Judul : Maya and the Darkness Surrounding
Penulis : Arikho Ginshu
Penerbit : PING!!!!
Tahun terbit : Agustus 2014
Genre : Fiksi
ISBN : 139786022556190
Jumlah halaman : 296
Harga : Rp42.000,-
“Untukku, perkara tersulit dalam mencintai bukanlah belajar mengakhiri, sebab aku bahkan belum memulainya. Namun yang paling rumit adalah memilah hati, sebab cintaku tumbuh di antara dua hal yang sama pentingnya. Kekasih dan sahabat mungkin dua hal yang berbeda, namun sering berada dalam timbangan yang rasa yang nyaris sama.” (halaman 274)

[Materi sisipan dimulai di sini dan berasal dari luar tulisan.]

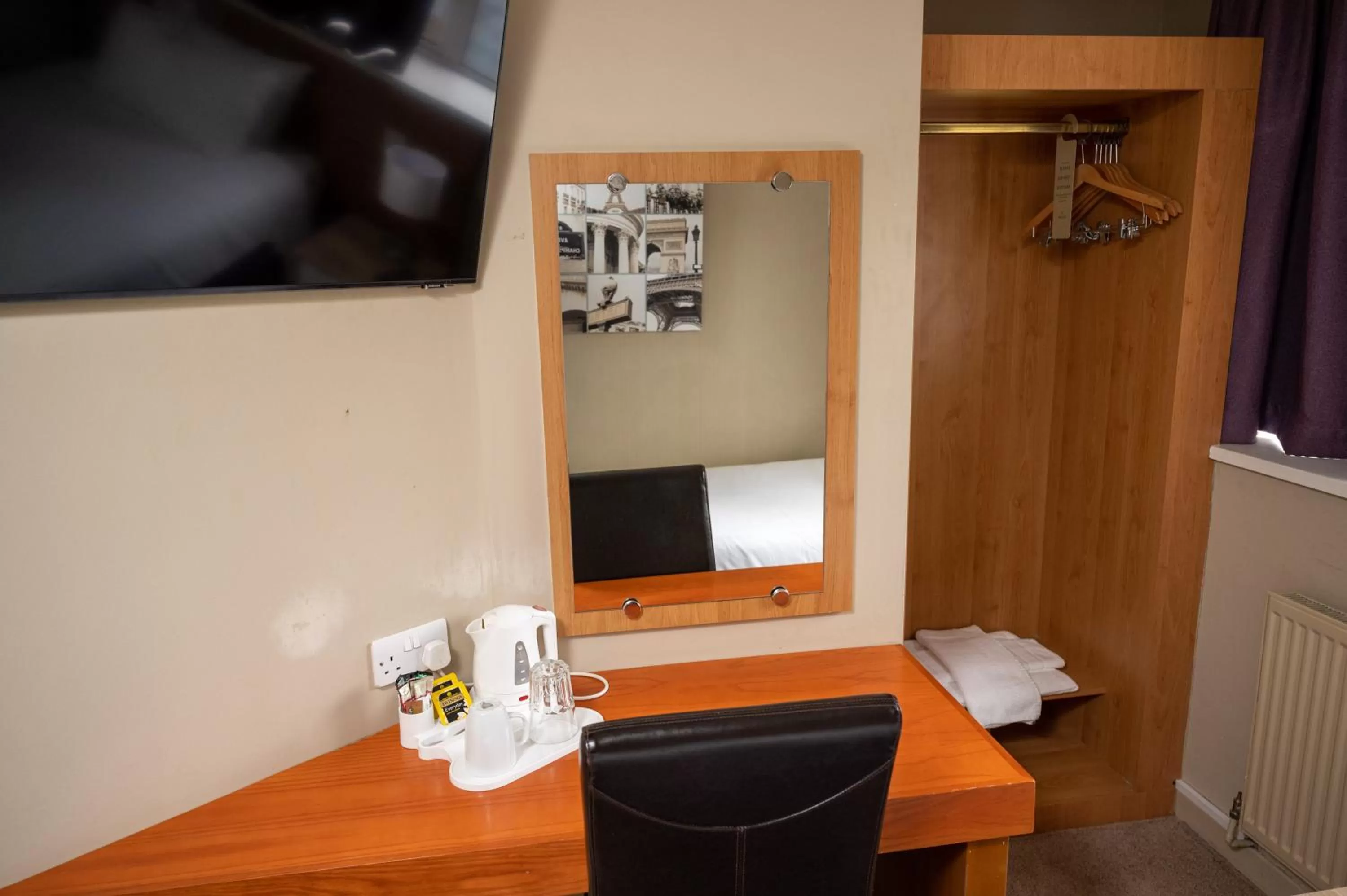 Coffee/tea facilities in The Titan By Greene King Inns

Maya, and the Darkness Surrounding bercerita tentang 4 sahabat yang tengah hiking ke Gunung Kerinci sebagai perjalanan kesekian menjelajah alam. Tondi, Binar Saga, Damar, dan Rimba. Namun terjadi sesuatu di tengah perjalanan. Tatkala berhenti untuk berkemah, salah satu dari mereka dan satu-satunya wanita, tidak dapat terbangun dari tidurnya. Mereka bertiga merasa terpukul dan perjalanana pun dihentikan. Mereka membawa Binar ke puskesmas terdekat namun hasilnya nihil. Tidak ditemukan penyebab medis yang membuat Binar saga tak sadarkan diri. Atas saran seorang bidan yang memeriksanya, Binar dibawa ke seorang paranormal yang terkenal di desa tersebut. Ki Rangkat, nama orang pintar tersebut, menjelaskan bahwa Binar berada di dimensi astral. Sang paranormal menjelaskan bahwa Tondi-lah yang bisa menjemputnya pulang. Demi kesetiakawanan dan perasaan yang diam-diam disimpannya, perjalanan astral yang nyaris tidak mungkin itu pun dilakukan.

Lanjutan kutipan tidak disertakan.